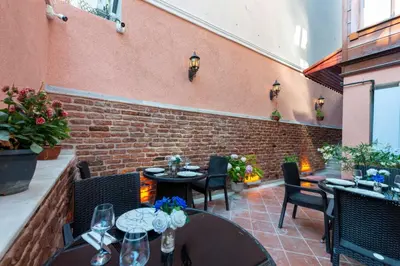 a patio with tables and chairs and a brick wall at Brown Mansion Oldcity in Istanbul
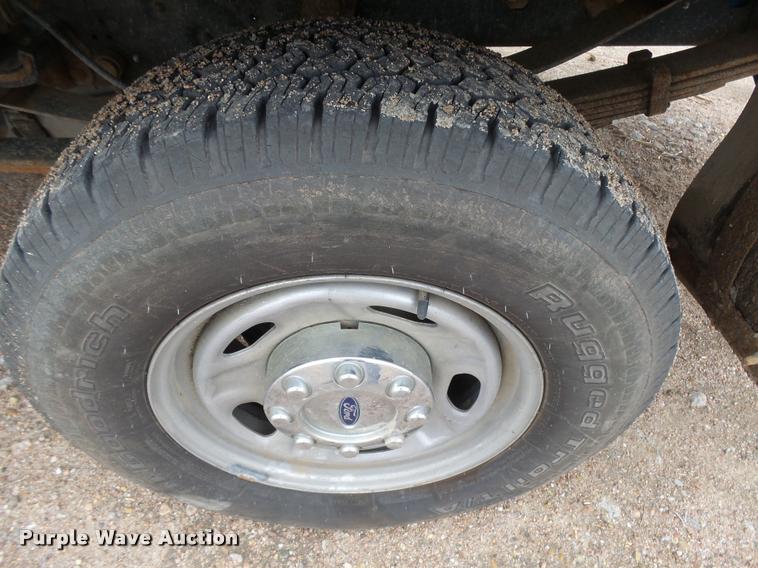 image for item DB1998 2012 Ford F350 Super Duty Crew Cab flatbed pickup truck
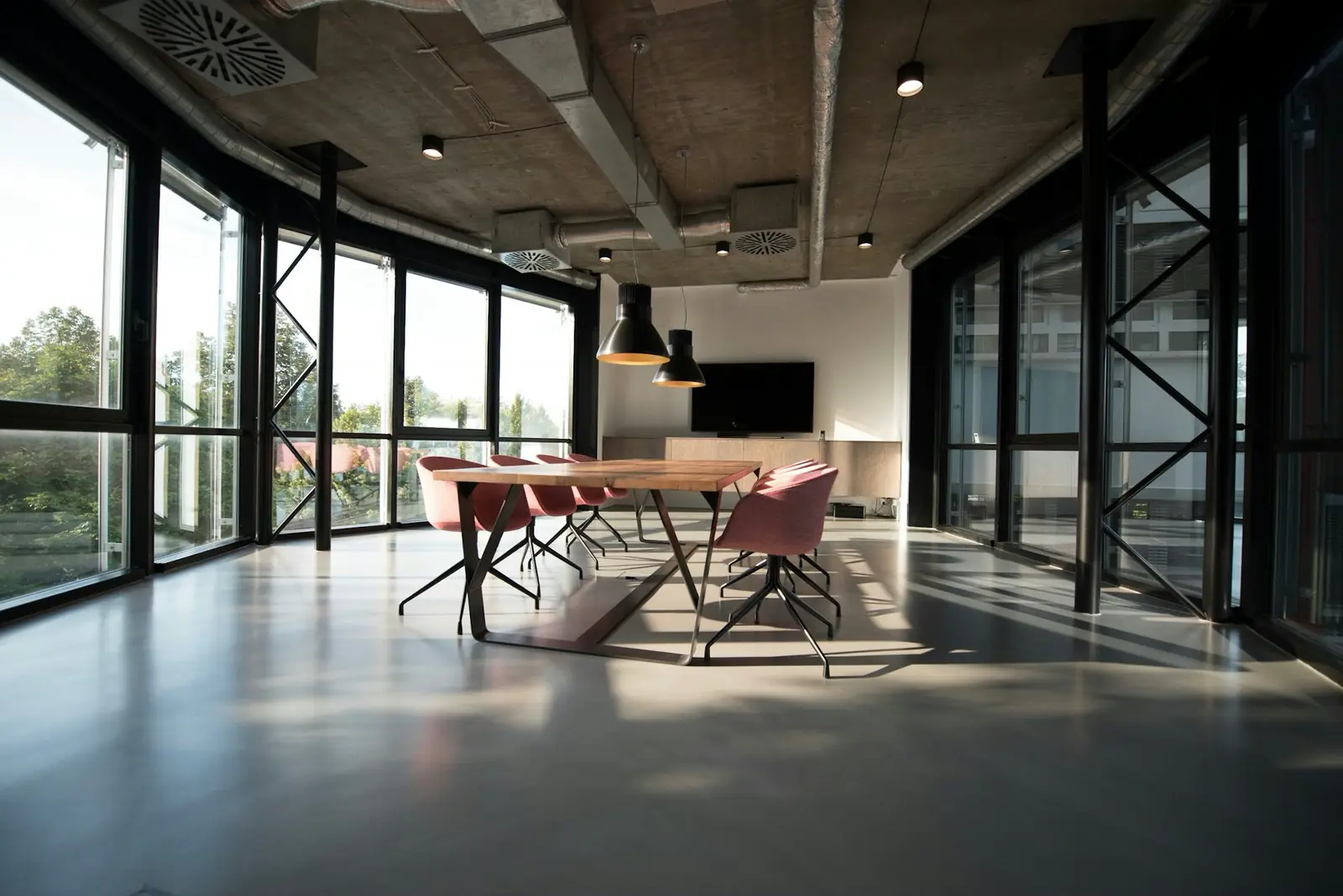 A glass-walled meeting room with a long wooden table in a bright office.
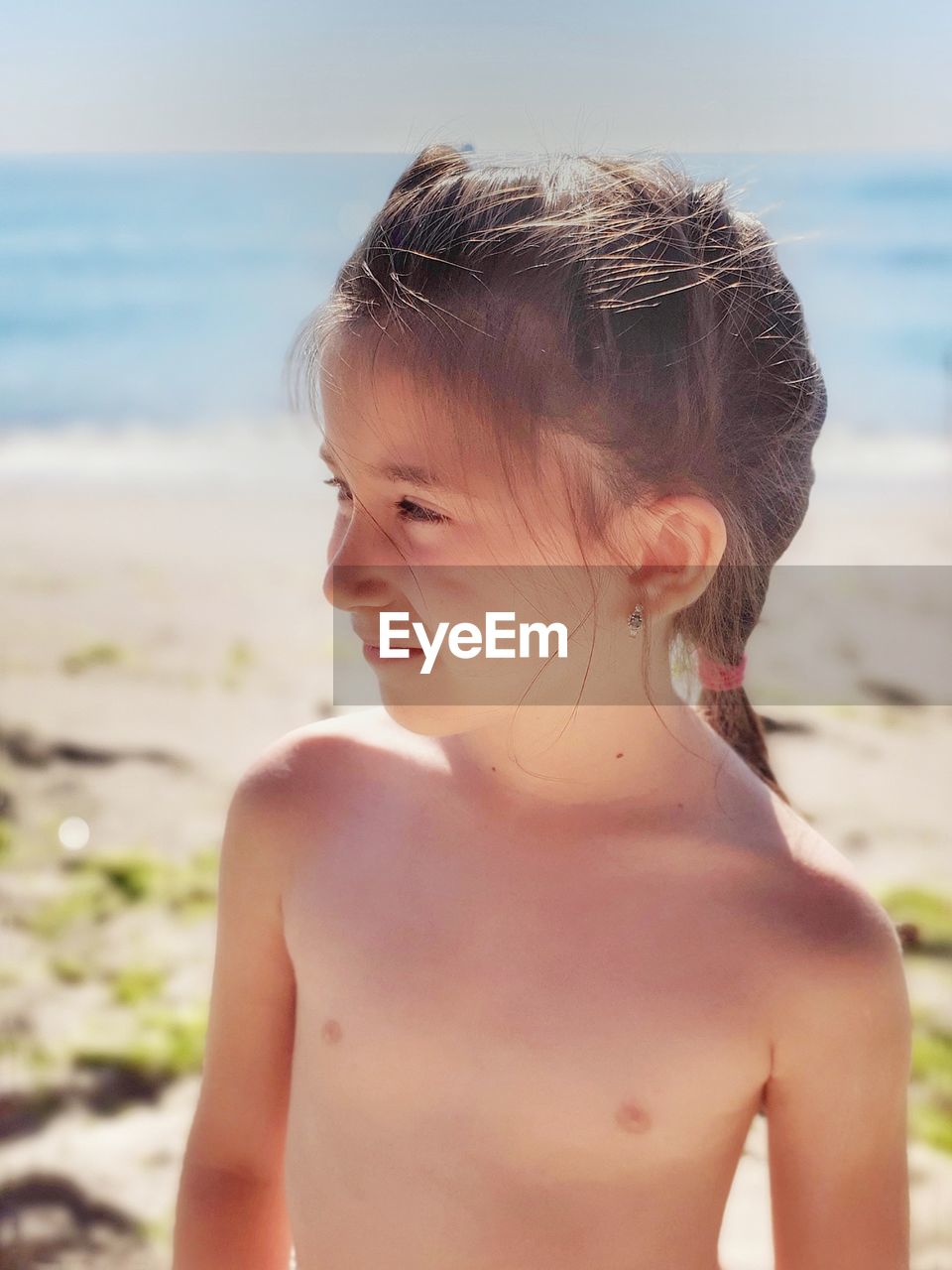 Midsection of shirtless girl at beach - ID: 164137122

___

= What to work on =
From the first line to the last, transcribe the listing exactly; skip the pictures.

= Solution to this task =
 a patio with tables and chairs and a brick wall at Brown Mansion Oldcity in Istanbul
 image for item DB1998 2012 Ford F350 Super Duty Crew Cab flatbed pickup truck
 A glass-walled meeting room with a long wooden table in a bright office.
 Midsection of shirtless girl at beach - ID: 164137122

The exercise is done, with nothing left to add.